My efforts in this area are both internal and external. Internal in that I have to be willing to explore all the fears, insecurities and attachments that are within me that might block a clear union – and there are a few and they are more well-entrenched than I had previously thought. And then there is the “lab” part of this challenge – the interaction with the different women brought into my life to share and grow with – to assist me in revealing these fears, insecurities and attachments. Though it might be thought that this is the “fun” part of the effort – and sometimes it is – it can veer into pain for one or both of us as it becomes clear that we were brought intensely together for only a brief period – to learn from each other, to love each other, to become friends but not mates.
Like all of us, I don’t like the pain inherent in this challenge but what great challenge doesn’t involve pain. If it didn’t, it wouldn’t be a challenge. Some challenges offer financial, mental and/or physical pain. In this challenge, it’s all mental and emotional. However, it’s the only way. In every area of our lives, it is our fears and attachments that block our Creator’s gifts to us. I believe that our Creator wants us to have a loving mated relationship or She would not have instilled an almost Universal desire to have one in Her children.

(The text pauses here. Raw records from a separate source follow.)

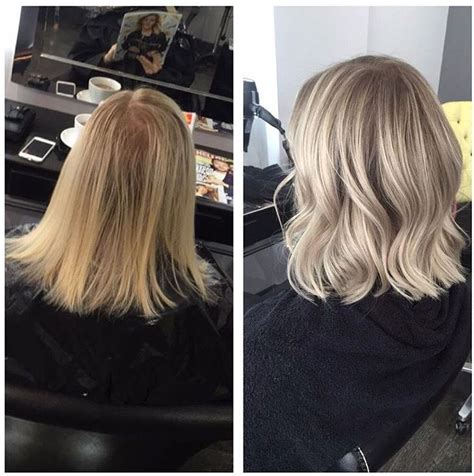 Before And After From Tired Brassy Blonde To Glossy Ash Blonde With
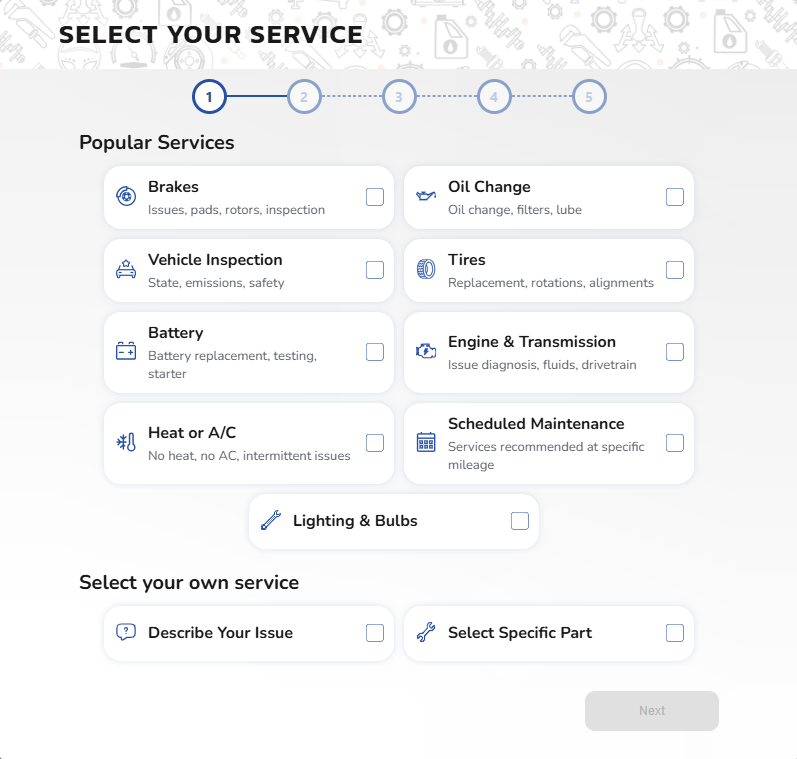 Car service selection screen with options like brakes, battery, tires, engine, and maintenance in a white interface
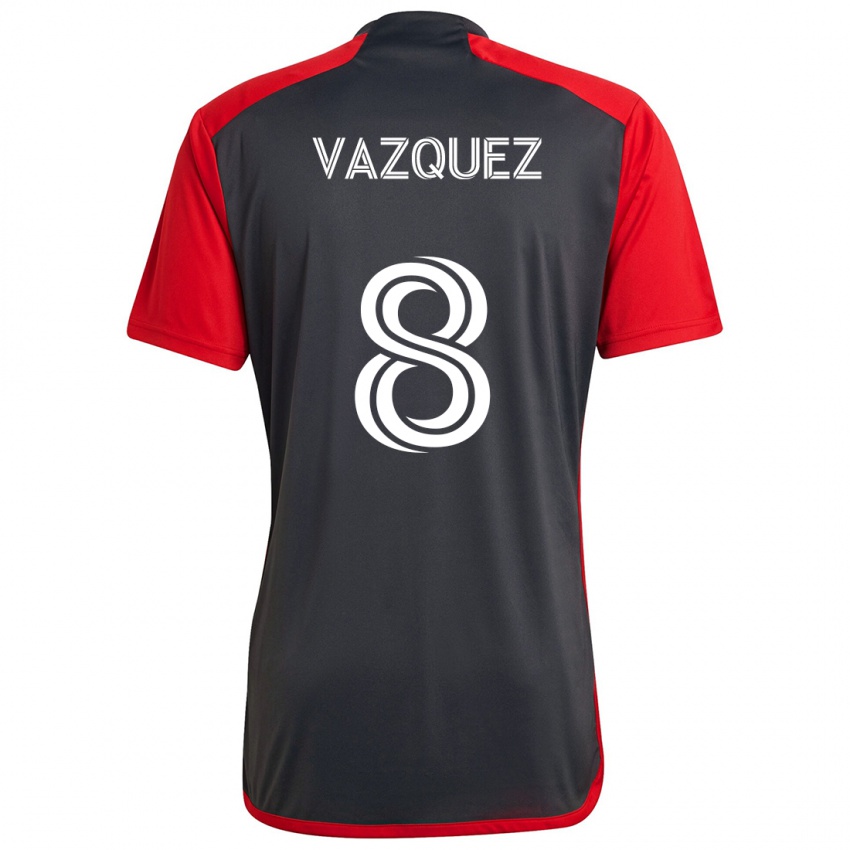 Niño Camiseta Víctor Vázquez #8 Rojo Grayn 1ª Equipación 2024/25 La Camisa México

The fact that there have been so few expressing during this “dream of separation” is not because it is impossible to create but we are blocking its creation as we continue our noble but difficult struggle to awaken from this dream. (to be continued)
Part 3 February 16
Conscious Dating & Mating
I think it will be very difficult to create a new-paradigm, love-based romantic partnership unless BOTH people have successfully interpreted their past relationships. If either partner is still unwilling to realize and embrace that every relationship in our life is a blessing to help in our spiritual growth, then most likely they will still be wedded to old-paradigm thinking and relationships. If they view one, a few or many of their past romantic unions as random bad luck or as a punishment for their or another’s flaws or misdeeds, or if they believe themselves to be a victim of another, then they might not yet be ready to create a love-based union.

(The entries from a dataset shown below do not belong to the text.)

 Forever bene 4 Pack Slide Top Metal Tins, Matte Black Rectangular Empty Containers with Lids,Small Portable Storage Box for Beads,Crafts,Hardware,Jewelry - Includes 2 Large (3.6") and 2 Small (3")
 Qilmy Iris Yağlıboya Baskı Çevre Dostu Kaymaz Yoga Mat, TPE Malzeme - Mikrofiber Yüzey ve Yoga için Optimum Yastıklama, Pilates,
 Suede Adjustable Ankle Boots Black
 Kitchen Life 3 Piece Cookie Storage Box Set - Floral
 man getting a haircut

I think we need to view all past attempts in this area of our lives, no matter how painful or messy, as holding yet another piece of the puzzle, another opportunity to ask ourselves “Why did I create this in my life? What unhealed part of myself was needing to be healed?” In many relationships in our lives, in a blood family and even in our workplace relationships, it is not immediate clear that we have chosen them, that we have created them. We seem to have inherited them – – for better or for worse – with no conscious choosing on our part. But even in these relationships, our soul chose them before our incarnating.

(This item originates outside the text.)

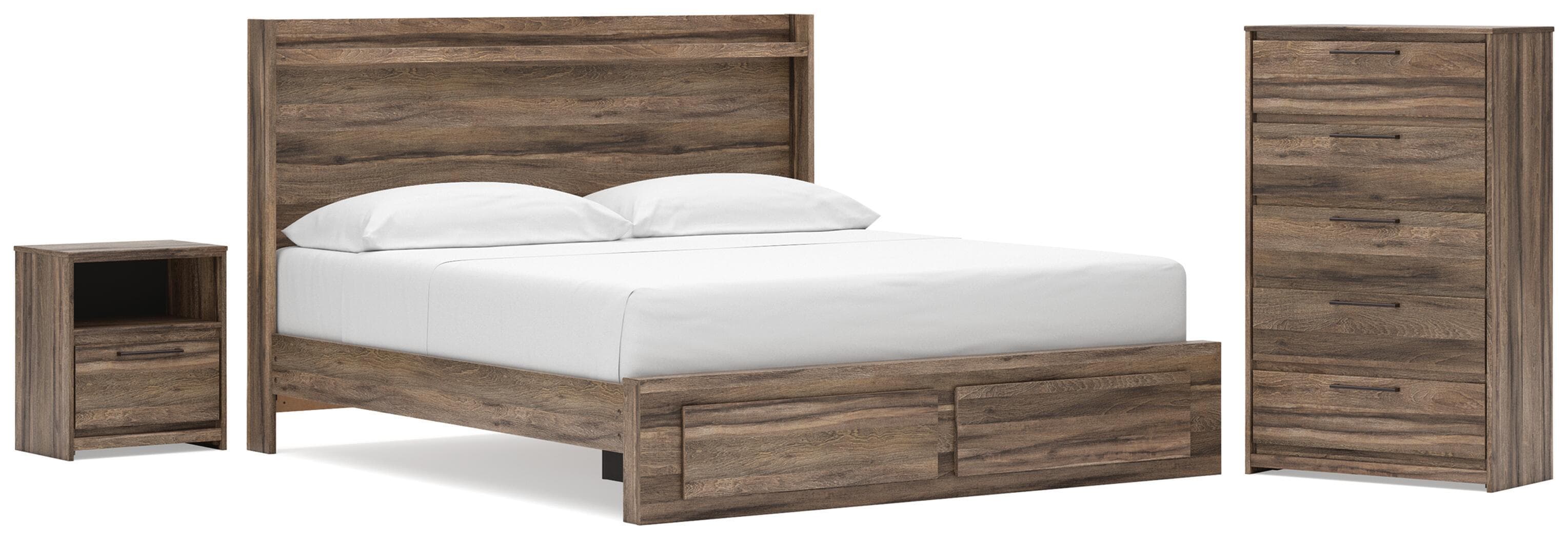 Elbrim - 3 Pc. - King Panel Storage Bed, Chest And Nightstand - Brown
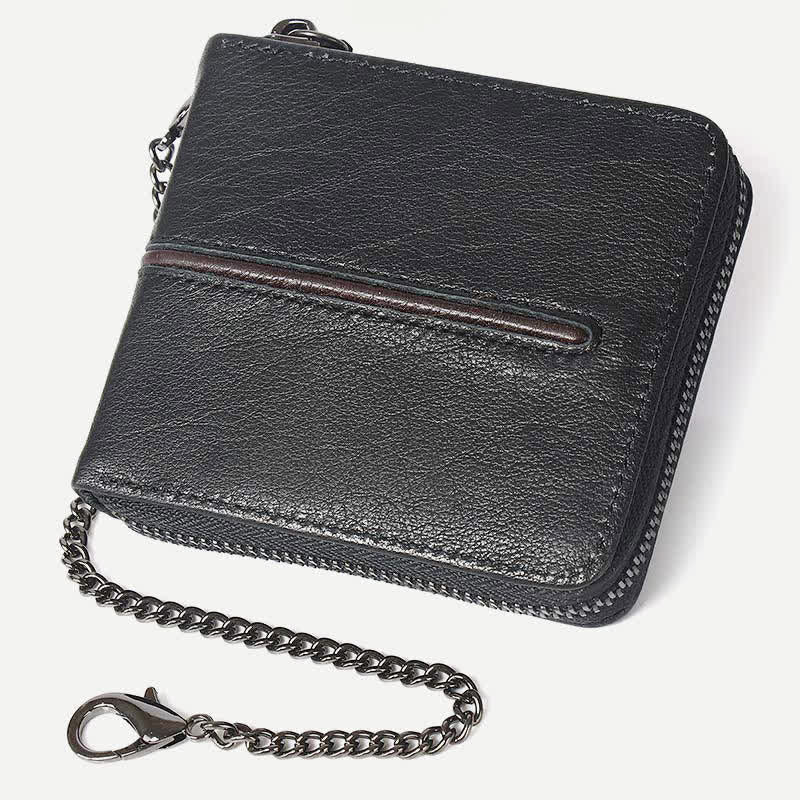 Genuine Leather Zip Around RFID Blocking Bifold Wallet with Chain - Style 1 - Black - image 7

However, there is no escaping the truth that in our romantic life we have made a conscious choice to get involved with certain people. This choice is complex, stemming from our inner psyche – both the healed and unhealed parts. We do not have judge ourselves for having created such pain in the past but rather to understand that we are given unlimited opportunities to reveal our own fears, insecurities and attachments so that we might understand them and free ourselves from them and create the more lovingly, peaceful and connected unions we have all sought.
Often this involves understanding our feelings of unworthiness, that we should always give love but only hope for – and not expect – love in return. In creating a new-paradigm union, both partners need to be able to BOTH give and receive love. If it is a one-way street, it’s still the old-paradigm.